Hace poco más de un año de la caída del gabinete Lerner y de la cancelación de las últimas esperanzas de que el gobierno de Ollanta Humala continuara siendo lo que decían algunos amigos: un espacio político en disputa. La verdad era que nadie supo nunca explicar bien porque se convirtió en algo así, por unos meses, si hasta el 5 de junio del 2011 el nacionalismo era un aparente espacio de inteligencia entre el candidato, luego presidente, y sus más cercanos colaboradores. ¿Quién había metido a la tecnocracia, claramente a la extrema derecha del proyecto original, dentro de una disputa en la que empezó a ganar terreno?, ¿cómo es que había un simpatizante del fujimorismo en el ministerio del Interior que luego se haría primer ministro?
Estas preguntas van, seguramente, a permanecer flotando sobre el ambiente político por un largo tiempo. Pero lo que es evidente es que las excusas oficiales que se usaron en los primeros meses ya no resisten el menor análisis:
(a) que fue el producto de las nuevas alianzas de la segunda vuelta que se expresaba en la hoja de ruta, lo que es enteramente falso porque este no es un gobierno de alianza y el toledismo cayó del gabinete junto con la izquierda, quedando en una posición ambigua de apoyar y no apoyar, muy típica de Alejandro Toledo, y que nadie entiende en definitiva;
(b) que no se podía gobernar para el 31% de la primera vuelta y por eso hubo que cambiar la “Gran Transformación” por el “crecimiento con inclusión”, que equivalía a mantener el modelo vigente reduciendo el “cambio” a una mayor ayuda social para los pobres, lo que es otra falsedad porque la victoria de segunda vuelta fortaleció la polarización cambio-conservadorismo y fue un claro mandato en pro de una nueva mayoría política en el país, que no se respetó.
La evidencia de cómo se construyó una hegemonía tecnocrática, con ministros y funcionarios que votaron naranja y luego se sintieron todopoderosos con Ollanta Humala está por todas partes y no reflejan el proceso de un cambio ideológico o de un nuevo sistema de compromisos, sino las consecuencias de la primera concesión que el presidente electo le hizo al sistema al poner a Castilla y Velarde en los puestos claves de la economía. Ahí probablemente Humala no sabía adónde iba y por eso insistió tanto en que Salomón Lerner se hiciera de un premierato que ya no le interesaba.

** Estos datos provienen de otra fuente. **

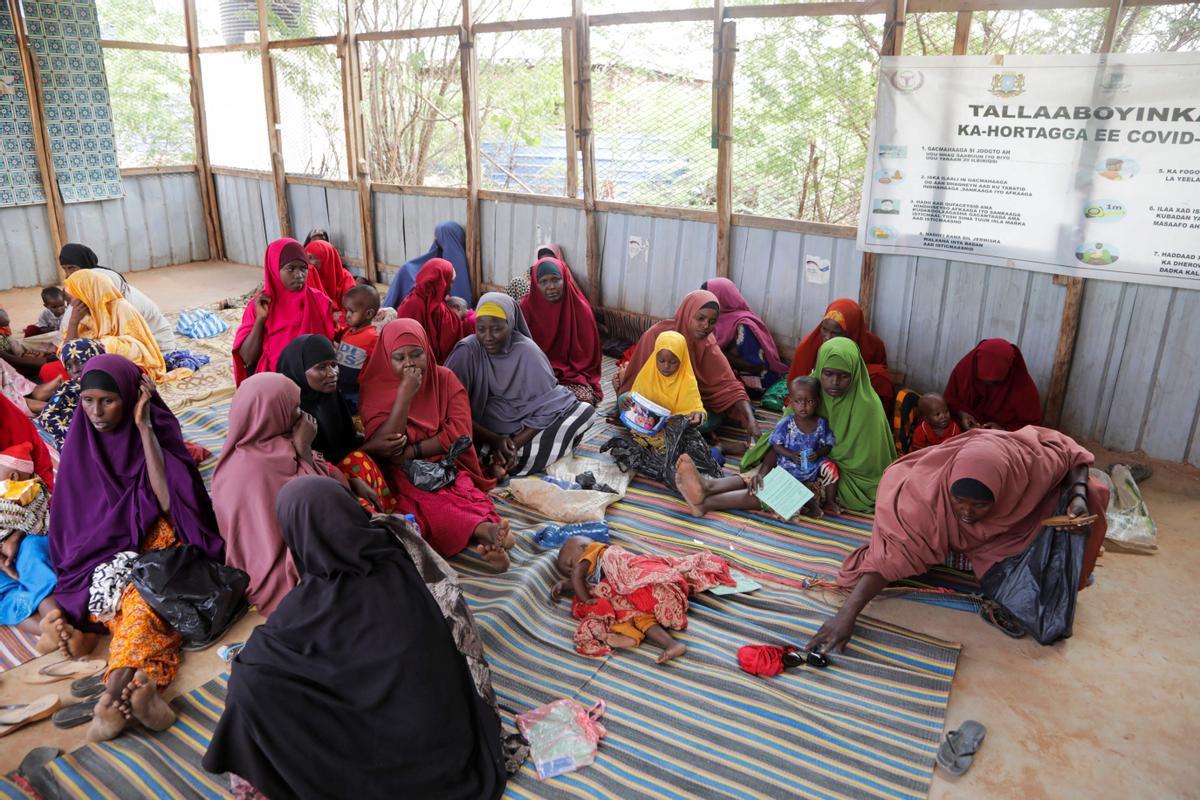 Mujeres somalíes desplazadas internamente se sientan con sus hijos mientras esperan la detección de desnutrición en el hospital Dollow.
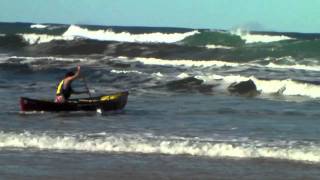 Surfing an open canoe on an ocean beach, NSW coast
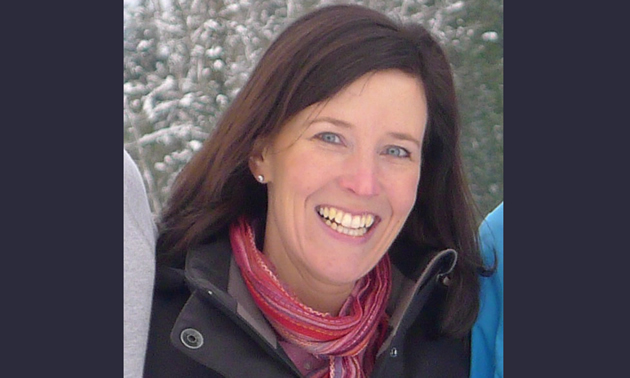 Christine Andison stands next to family in a winter environment, she wears a black jacket and pink and red scarf.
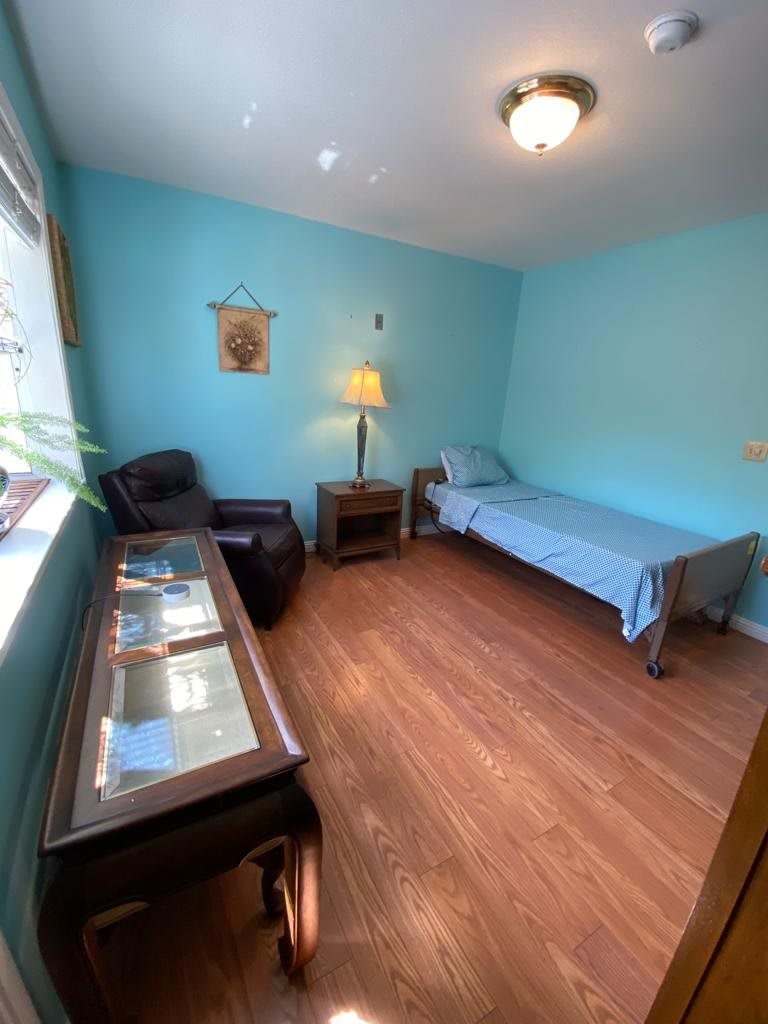 A small bedroom with blue walls features a single bed, armchair, lamp, and a window letting in natural light.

En diciembre de 2011, Humala tampoco parecía demasiado claro de si recurriendo a un cachacote represor lograba el ajuste exacto con los tecnócratas cuyo número había crecido con el cambio de gabinete, y nuevamente dio toda la impresión de haber improvisado una fórmula al ponerle el fajín del primer ministro a Juan Jiménez Mayor que carece de toda noción de por qué esta en ese puesto, salvo para dar explicaciones en nombre del gobierno que el presidente puede luego desconocer como en el caso Villena.
La sucesión Lerner hacia Valdés fue brutal, por la intención de poner al centro la dureza policial sobre el diálogo político. Pero antes ya había sido de vértigo la entrega de la economía. Si todo eso reflejaba una disputa, ella ocurría en el interior del candidato que se convirtió en presidente y que a pesar de haber expresado por años una idea de lo que había que hacer con nuestro país, las abandonó al llegar a Palacio, tal vez porque pensó que no sería capaz de conducir al país con ellas, y prefirió que lo condujeran los poderes que siempre manejaron el Estado.